La escuela de la señorita Margot

Extravagancias

En San Luis de las Salinas nos gusta decir que en nuestro cielo luce un sol espléndido la mitad de los días del año. Si dijéramos justo lo contrario, es decir: que la mitad de los días llueve, truena, graniza o simplemente hace nublado, también sería cierto. Sin embargo, el efecto en nuestro ánimo sería completamente distinto.

Sucede algo parecido con nuestra visión de la violencia. Como en tantos otros pueblos del litoral mediterráneo, aquí también tenemos una larga tradición de crimen organizado, y tantos muertos enterrados en cal viva que, si quisiéramos, casi todos los días podríamos celebrar la efeméride de algún asesinato. Pero, francamente, sería macabro. En lugar de eso, preferimos celebrar que llevamos siete años viviendo en paz. Aunque, de nuevo, la frase tiene trampa. Hace siete años hubo la madre de todas las matanzas. De la noche a la mañana los sicarios de la familia Peralta nos cargamos a todos los clanes de la competencia. Así que se trata de una paz impuesta (y mantenida) por las bravas.

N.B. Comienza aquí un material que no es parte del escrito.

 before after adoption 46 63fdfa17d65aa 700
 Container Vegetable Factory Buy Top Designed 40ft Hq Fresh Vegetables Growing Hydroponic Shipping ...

Son esas cosillas que tiene el lenguaje. Parecería que su función es reflejar la realidad tal y como es, pero a menudo se invierte el orden de los factores, de modo que es la realidad la que, a base de retorcerla, acaba amoldándose a las palabras que escogemos, pues estas tienen el extraño don de embellecerla, incluso cuando van en contra de los hechos.

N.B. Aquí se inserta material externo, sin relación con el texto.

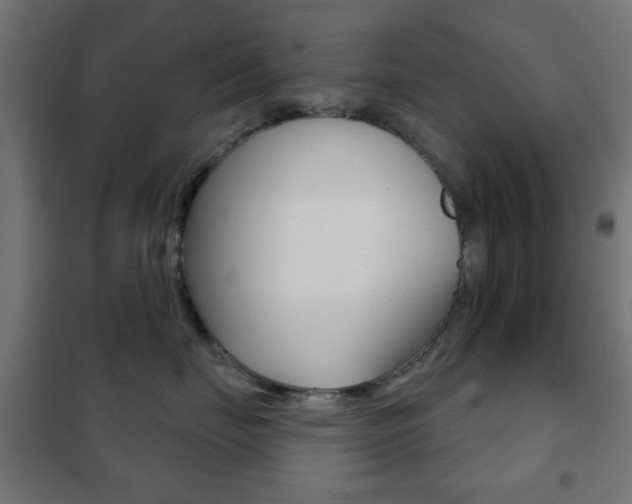 X0000102240671200807250839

Fijémonos, por ejemplo, en el mismísimo don Eduardo Peralta. ¿Extorsiona como un mafioso? Sí. ¿Corrompe como un mafioso? Sí. ¿Se considera él mismo un mafioso? ¡Pues claro que no! Evidentemente es un proceso gradual. No te acuestas sabiéndote malo como un demonio y te levantas mariposeando como un querubín. Pero a medida que se sucedían los años de paz y prosperidad, la concepción que tenía de sí mismo fue suavizándose hasta llegar al punto de considerarse algo así como el protector de San Luis de las Salinas. Y prueba de ello es que parte de lo que mangonea lo devuelve a la comunidad patrocinando a nuestro equipo de futbol, los Atunes de San Luis.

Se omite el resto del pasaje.